You will see that the included angle measures 45° + 45° = 90°

Therefore, the triangle they form is a right triangle, where the legs are the distances that the 2 planes have traveled, and the hypotenuse serves as the distance between them after 3 hours. We can solve for the distance(which is the hypotenuse) using the Pythagorean Theorem.(note: for other cases, you will use the cosine rule to determine the distance-- this case is just a special one)

Let d = distance
d² = (780 mi)² + (795 mi)²
d = 1113.74 mi

The bearing of the second plane from the first is.
180° - 45° - arctan (795/780)
= 89.45°

Therefore, the distance is 1113.75 mi and the bearing from 1st to 2nd plane is S89.45° W

^_^

Answer 3

As the first plane, Plane A is travelling SOuth East at 260miles per hour and the second plane, Plane b is travelling at 265miles per hour, the relative velocity of B with respect to A is,
Using pythargoras,
= ((260^2) + (265^2)) ^ .5
= 371.248
Therefore, 3 hours later, the distance between the two planes is = 371.248 * 3
= 1113.744
= 1114 Miles (to the neasrest miles)
Now to understand the bearing of the second plane from the first one after three hours, draw a right-angled triangle labelling the shorter side 260 miles per hour and the longer side 265 miles per hour. Measure the angle between the 260 miles per hour and the hypotenuse - it can be done using trigonometry,
(assuming that the angle is x),
tan x = 265 / 260
or, x = 45.5 degrees
Now draw the cross pointing at each of the four direction on each of the four point of your triangle, labelling the corner between hypotenuse and 260mph as A, the one between 265mph and hypotenuse as B and the last point as C.
label x = 45.5 degrees.
Extend the East from Point C and the NOrth from Point A so that they meet and note that they form a right-angle isosceles triangle with angles 90, 45 and 45 degrees.

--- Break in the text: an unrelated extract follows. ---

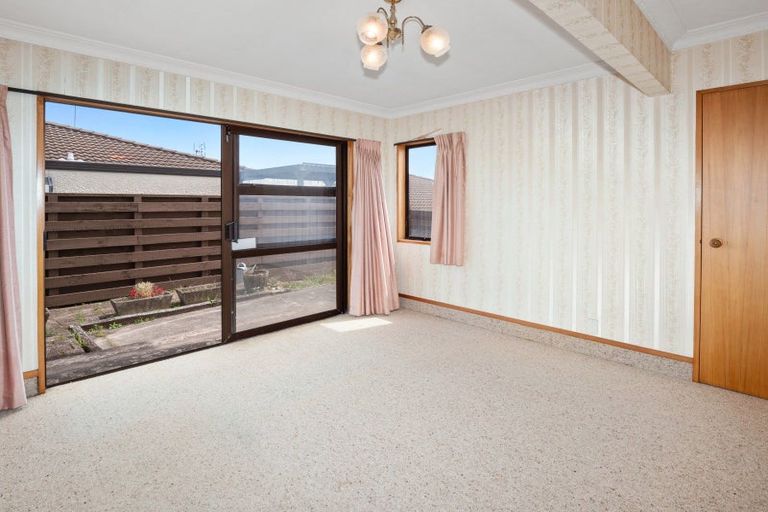Photo of property in 24 Ngarata Avenue, Mount Maunganui, 3116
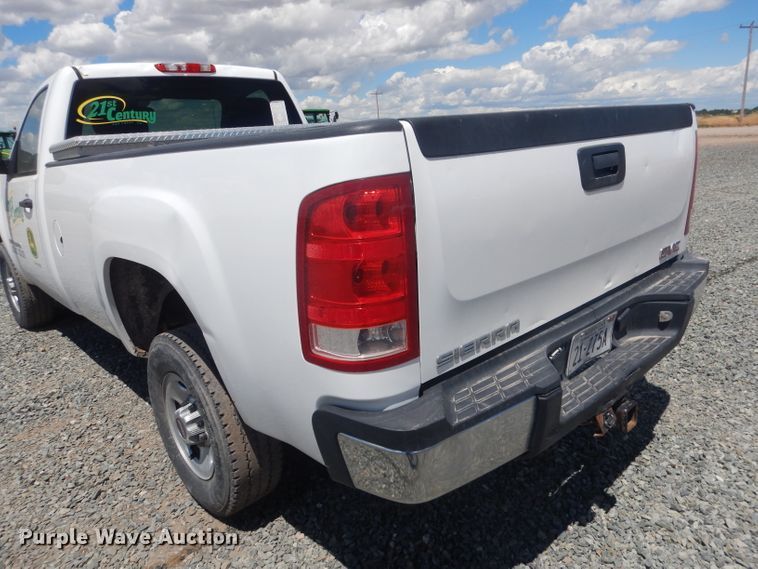 image for item DG5995 2008 GMC Sierra 2500HD pickup truck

Now, measure the bearing of point B from A, which is = 360 - 45 - 45.5 = 269.5 from North - which means the bearing is 89.5 W from S (or South).

Answer 4

Distance = Velocity * time

So after 3 hours : plane1 is 260*3 = 780 miles
plane2 is 265*3= 795 miles
As ballerina said they form a right triangle and we must find the hypothenuse.
x=sqrt(780^2 + 795^2)
x=1113.7 miles or 1114 miles rounded.

The planes are 90 degrees apart.

Answer 5

here is a hint, the flightpaths form two sides of a triangle. Draw a picture it will help you understand.